Creating IAM role: pglex-dev
Creating lambda function: pglex-dev
Creating Rest API
Resources deployed:
- Lambda ARN: arn:aws:lambda:us-west-1:<acct_id>:function:pglex-dev
- Rest API URL: https://o6avgt37eh.execute-api.us-west-1.amazonaws.com/devapi/
The Rest API URL
is the base URL for your pglex API. Add your project
name and an action to this URL, e.g.
https://o6avgt37eh.execute-api.us-west-1.amazonaws.com/devapi/karuk/q
.
As you can see from the API URL, Chalice's default deployment stage is
"dev". To deploy the production stage use the --stage
parameter:
chalice deploy --stage prod
The result will contain the URL for the production API. Note that the hostname is different for each stage.
You can retrieve the URL for a stage with:
chalice url --stage dev
or
chalice url --stage prod
To clean up and remove an API stage use:
chalice delete --stage dev
Now that your API is deployed you'll need some data loaded into Elasticsearch for it to query.
The instructions you see below will not be easy to follow if you are unfamiliar with Elasticsearch. The pglex roadmap includes plans for easier creation and updating of project indexes.
Each language project has a separate ES index of lexical entries. The
name of each index uses the template: lex_{project}_{version}-lex
, where
{project}
is the name of a language project that you used as a key in the
projects
dictionary in app.py
. The {version}
is a version identifier
that you can use to create separate indexes for development purposes. In
normal use you can ignore the version and use the default value of 1
, so an
example index name would be lex_karuk_1-lex
.
The .json files in the examples directory can be used as a model
for your indexes. The lex_karuk_1-lex-def.json
file contains ES index settings for commonly-used fields of lexical entries.

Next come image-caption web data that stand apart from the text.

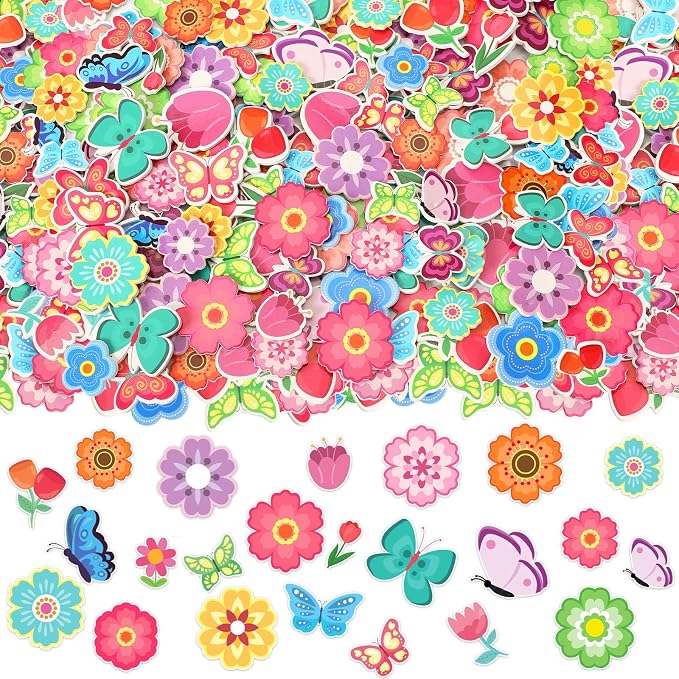 600Pcs Flower Foam Stickers Spring Butterfly Adhesive Stickers | Flower Decals by SEPGLITTER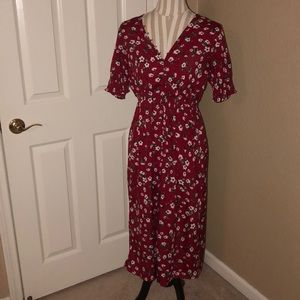 Asos Red Floral Midi Dress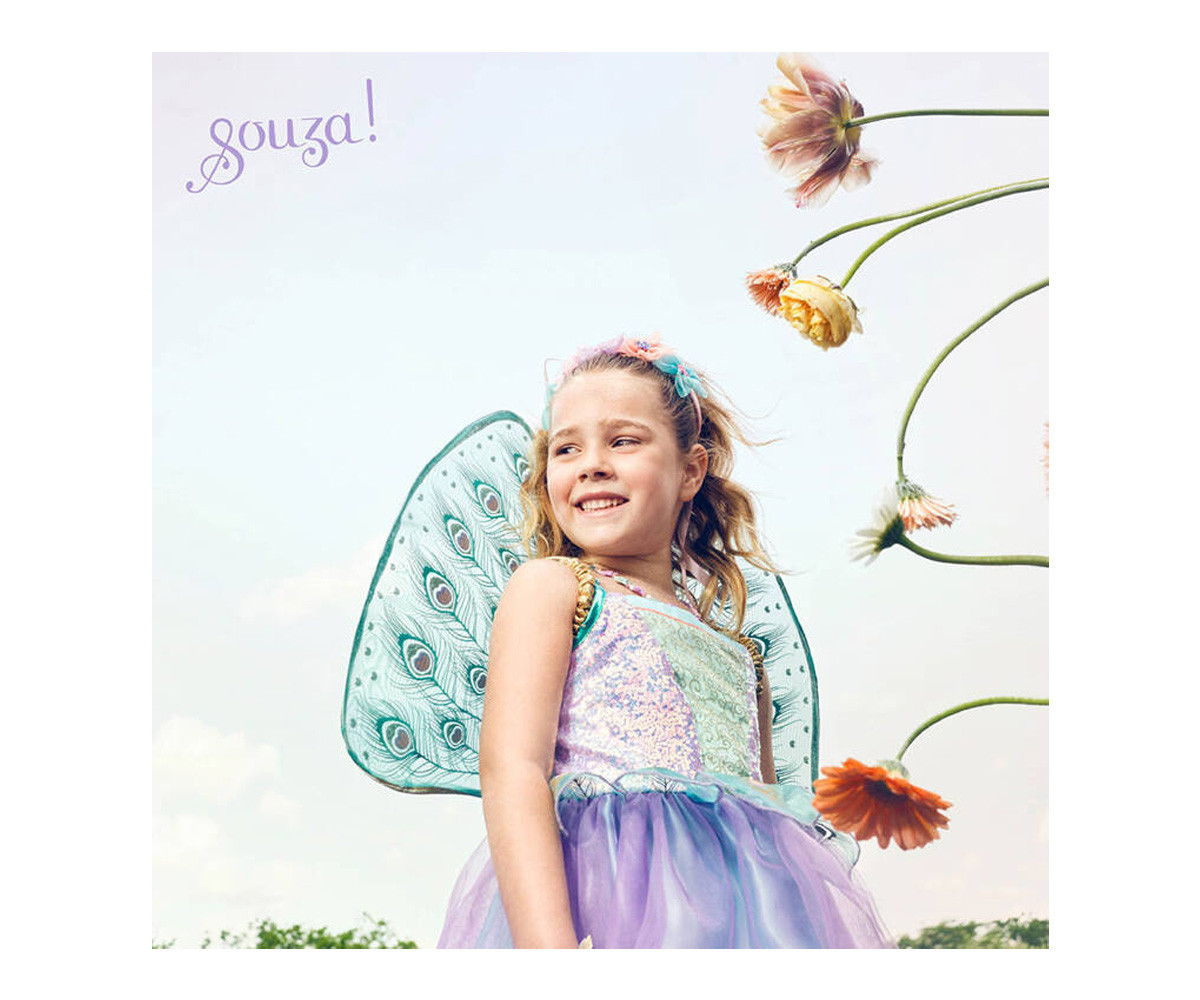 Disfraz Hada Tamara con Alas de Plumas de Pavo Real 3-4 años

Use the contents of this file as the payload for the ES index creation
command:
PUT lex_karuk_1-lex
{
"settings": {
...
}
}
See the ES docs for more on creating indexes.
You can then use the _bulk
endpoint to load data from the
lex_karuk_1-lex-bulkdata.json file:
PUT lex_karuk_1-lex/_bulk
{ "index" : { "_index": "lex_karuk_1-lex", "_type": "lex", "_id" : "30" } }
{"is_morph": ... }
The index
value must match the index name you just created.
See the ES docs for more on bulk upload of data.